Orso-Delgado was part of a five-member panel at Friday's meeting that included county Supervisor Bill Horn, Congressman Darrell Issa, and Therese O'Rourke, a field supervisor with U.S. Fish and Wildlife Service. Also on the panel was Mickey Cafagna, chairman of the board of the San Diego Association of Governments.
The entire panel said that Highway 76 improvement has been a priority, and will remain at the top of their list.
About 140 people turned out for the meeting at Zion Lutheran Church, 1405 E. Fallbrook St. The event was organized by Fixthe76now, a North County-based, grass-roots group lobbying for early completion of the estimated $110 million road project.
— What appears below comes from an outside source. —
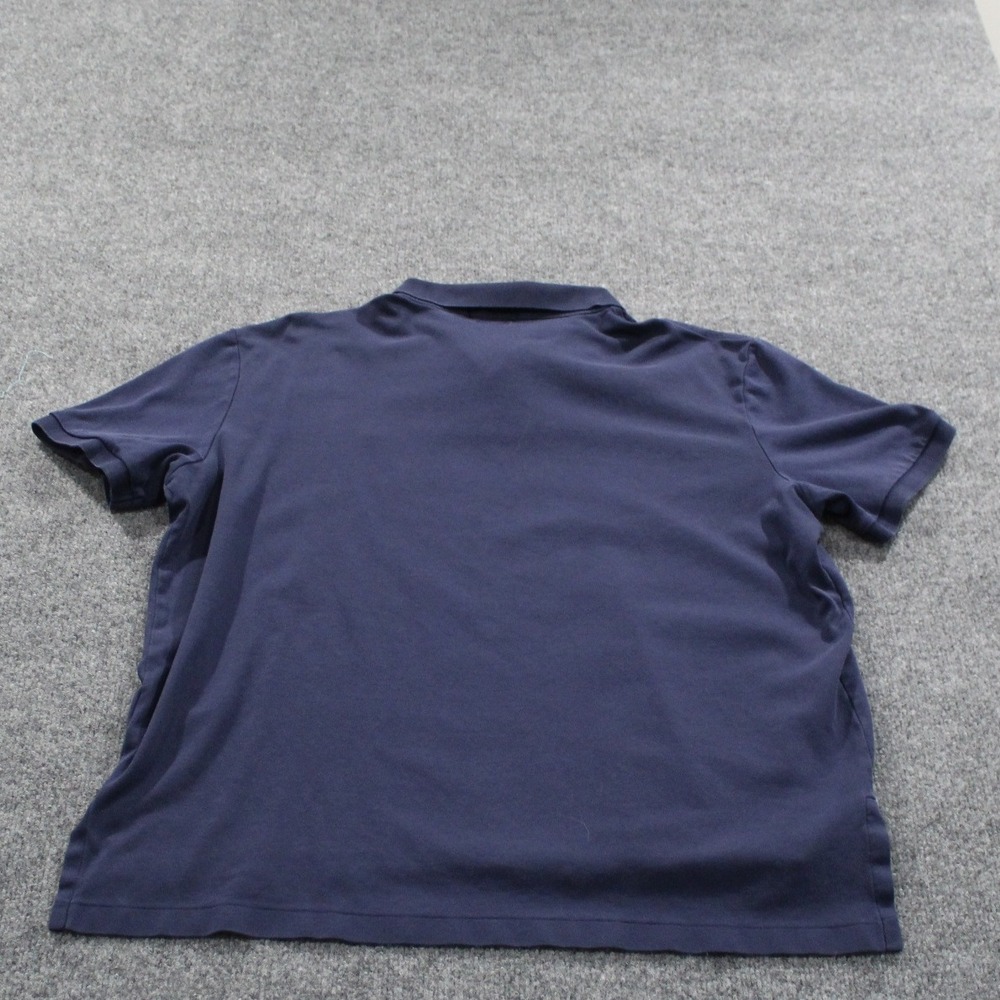 Polo Ralph Lauren Mens Navy Blue Pima Soft Touch Polo Shirt Size XL - Picture 9 of 9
The group's founder, Margie Hopkins, said Friday that she is pleased with what Fixthe76now has accomplished so far.
"We got two big things out of this," said Hopkins, a Fallbrook resident. "Instead of starting the road sometime around 2011, they are talking now about finishing the road around that time. And, I think the politicians and the agencies see that they have to talk to each other ... and us."
Work to widen the 76, from Melrose Drive in Oceanside to South Mission Road in Bonsall, is now slated to begin in mid-2007 and wrap up around the fall of 2009, officials said. Widening a second stretch of the highway ---- from South Mission Road to Interstate 15 ---- is scheduled to start in mid-2008 and be finished sometime toward the end of 2011.
The project will be funded by revenue generated by the extension of a transportation tax approved by voters in the November election. Money raised from the original TransNet tax is already spoken for until 2008, when the extension will kick in. But Orso-Delgado said funds for the Highway 76 project can be used by borrowing ahead.
Meanwhile, the widening of the intersection of Highway 76 and Olive Hill Road ---- which started several months ago ---- is expected to be done by August 2005.
The push for the road work has grown stronger in recent years, as gridlock has worsened and traffic deaths on the busy highway have surged.
In 2004, more deaths resulted from traffic collisions on Highway 76 than on any major road in North County, according to the California Highway Patrol. Eight unrelated crashes on the busy, curvy road led to the deaths of 16 people that year.
After each panelist gave a brief presentation Friday, audience members asked questions, including a handwritten query submitted to the panel: What can citizens do to help with the effort to get the project done?
"Keeping our feet to the fire," Cafagna replied. "Keeping this in the news, and keeping us focused. You need to continue what you're already doing."